■ TASK ITEM: Repeat exactly the lines of the material below that run from the "VIPERADE VE3 Organizador" line to the "Set 5 Móc Treo" line, including both, and do not carry over any pictures.

■ INFORMATION SUPPLIED:

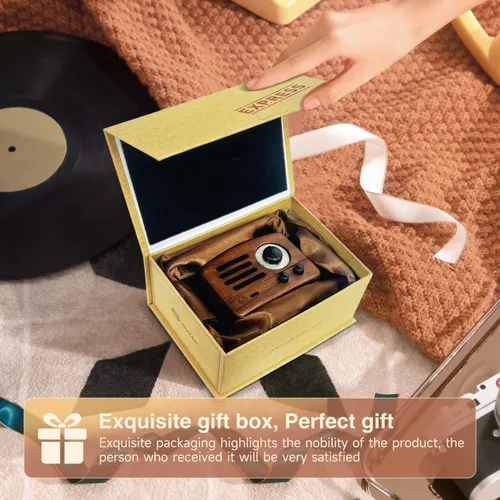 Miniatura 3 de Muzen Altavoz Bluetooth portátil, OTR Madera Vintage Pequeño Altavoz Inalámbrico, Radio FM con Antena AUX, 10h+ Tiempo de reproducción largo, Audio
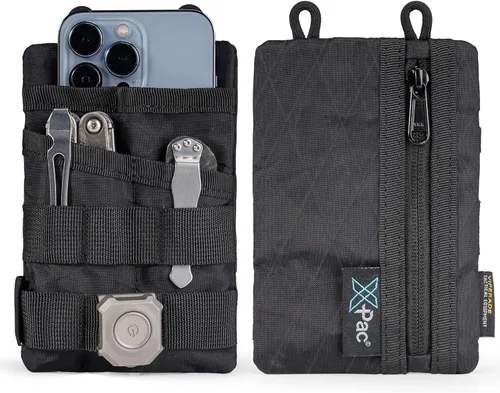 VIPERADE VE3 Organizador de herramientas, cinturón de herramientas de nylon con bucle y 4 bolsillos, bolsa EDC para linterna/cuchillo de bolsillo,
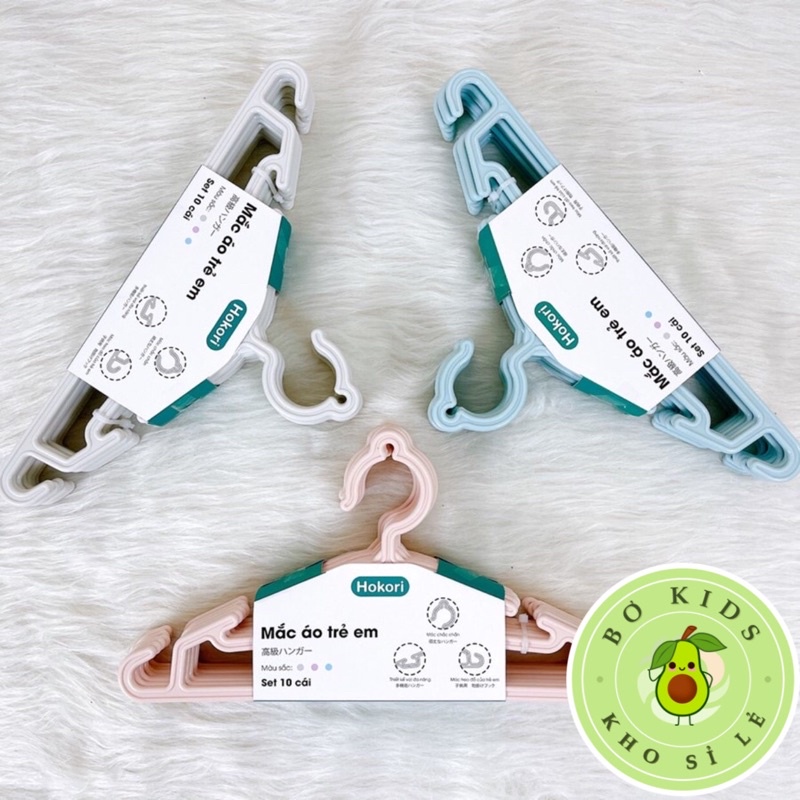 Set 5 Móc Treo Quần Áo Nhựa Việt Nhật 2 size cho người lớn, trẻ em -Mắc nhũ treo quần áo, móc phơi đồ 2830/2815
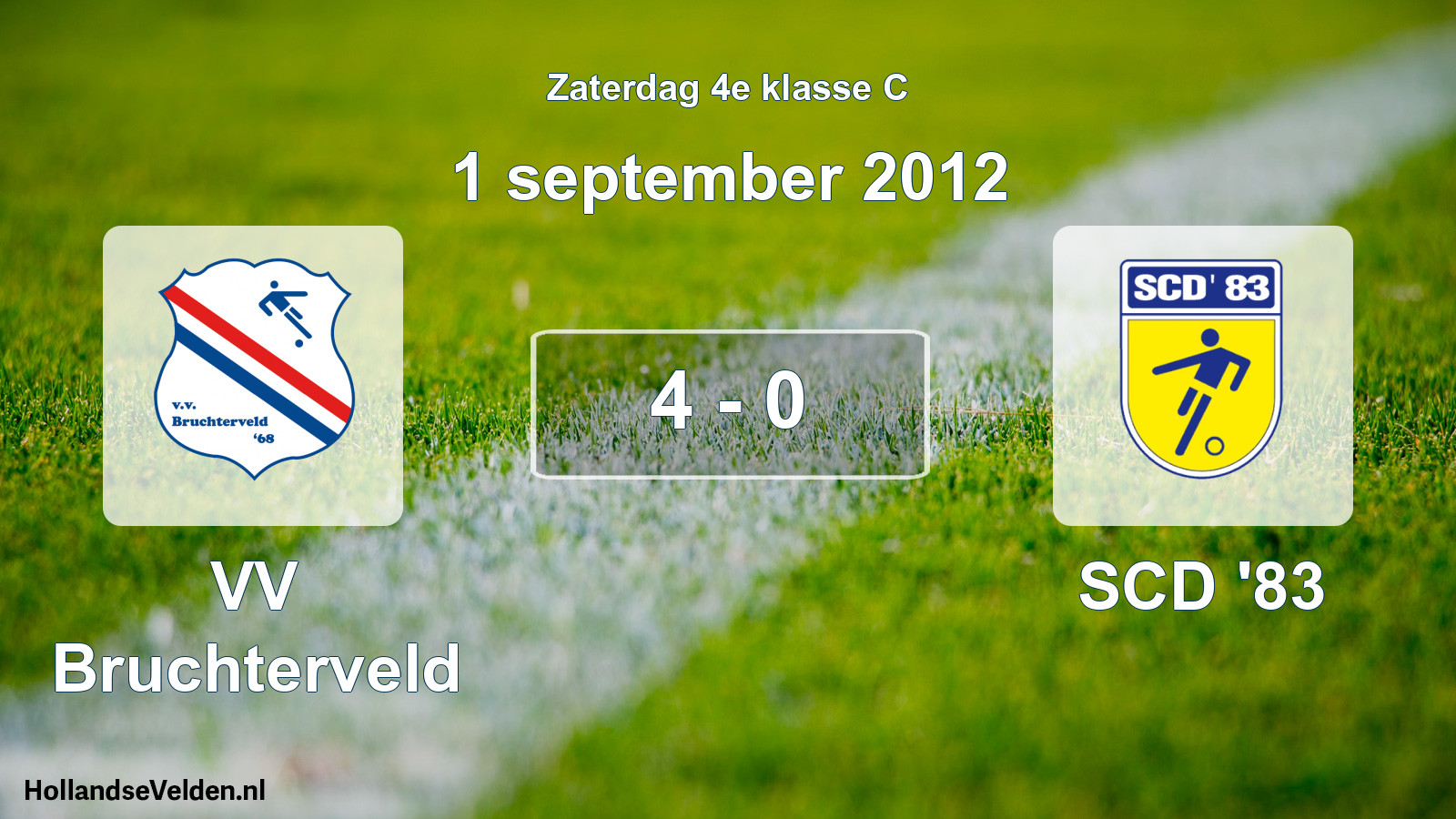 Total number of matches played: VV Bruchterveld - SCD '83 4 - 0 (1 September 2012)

■ ANSWER TO THIS PROBLEM:
 VIPERADE VE3 Organizador de herramientas, cinturón de herramientas de nylon con bucle y 4 bolsillos, bolsa EDC para linterna/cuchillo de bolsillo,
 Set 5 Móc Treo Quần Áo Nhựa Việt Nhật 2 size cho người lớn, trẻ em -Mắc nhũ treo quần áo, móc phơi đồ 2830/2815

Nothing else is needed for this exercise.